Record excerpts START

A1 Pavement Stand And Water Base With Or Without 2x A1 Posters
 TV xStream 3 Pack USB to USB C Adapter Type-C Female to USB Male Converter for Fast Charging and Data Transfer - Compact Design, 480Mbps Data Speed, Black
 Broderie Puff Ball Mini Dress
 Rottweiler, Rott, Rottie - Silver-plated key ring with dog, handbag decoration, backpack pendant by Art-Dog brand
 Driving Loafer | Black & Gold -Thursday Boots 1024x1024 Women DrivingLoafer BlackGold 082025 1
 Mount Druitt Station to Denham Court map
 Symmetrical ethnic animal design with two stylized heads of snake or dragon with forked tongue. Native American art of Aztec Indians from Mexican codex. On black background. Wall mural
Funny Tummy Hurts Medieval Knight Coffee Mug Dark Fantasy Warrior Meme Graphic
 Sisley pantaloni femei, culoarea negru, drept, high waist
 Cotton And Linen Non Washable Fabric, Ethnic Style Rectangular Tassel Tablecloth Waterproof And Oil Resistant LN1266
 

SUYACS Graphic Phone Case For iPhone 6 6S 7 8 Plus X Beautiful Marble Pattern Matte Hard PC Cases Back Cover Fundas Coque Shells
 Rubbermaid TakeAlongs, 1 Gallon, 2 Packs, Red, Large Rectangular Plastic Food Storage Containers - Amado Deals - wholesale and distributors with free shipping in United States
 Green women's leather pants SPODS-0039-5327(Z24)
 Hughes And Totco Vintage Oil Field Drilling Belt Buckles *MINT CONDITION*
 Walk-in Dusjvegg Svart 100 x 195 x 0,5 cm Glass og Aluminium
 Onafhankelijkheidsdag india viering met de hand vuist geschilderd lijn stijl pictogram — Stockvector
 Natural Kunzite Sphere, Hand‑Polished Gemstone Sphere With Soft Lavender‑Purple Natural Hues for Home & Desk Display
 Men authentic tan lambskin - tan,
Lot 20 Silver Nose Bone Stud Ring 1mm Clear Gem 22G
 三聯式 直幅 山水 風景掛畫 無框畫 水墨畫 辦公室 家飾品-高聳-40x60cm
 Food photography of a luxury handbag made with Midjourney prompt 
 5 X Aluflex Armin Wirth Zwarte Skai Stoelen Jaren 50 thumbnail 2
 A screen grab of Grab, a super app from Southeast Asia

Record excerpts END

- What you will do: Within the material above, find the lines that contain the word "Food"; copy them.

- Answer section:
 Rubbermaid TakeAlongs, 1 Gallon, 2 Packs, Red, Large Rectangular Plastic Food Storage Containers - Amado Deals - wholesale and distributors with free shipping in United States
 Food photography of a luxury handbag made with Midjourney prompt 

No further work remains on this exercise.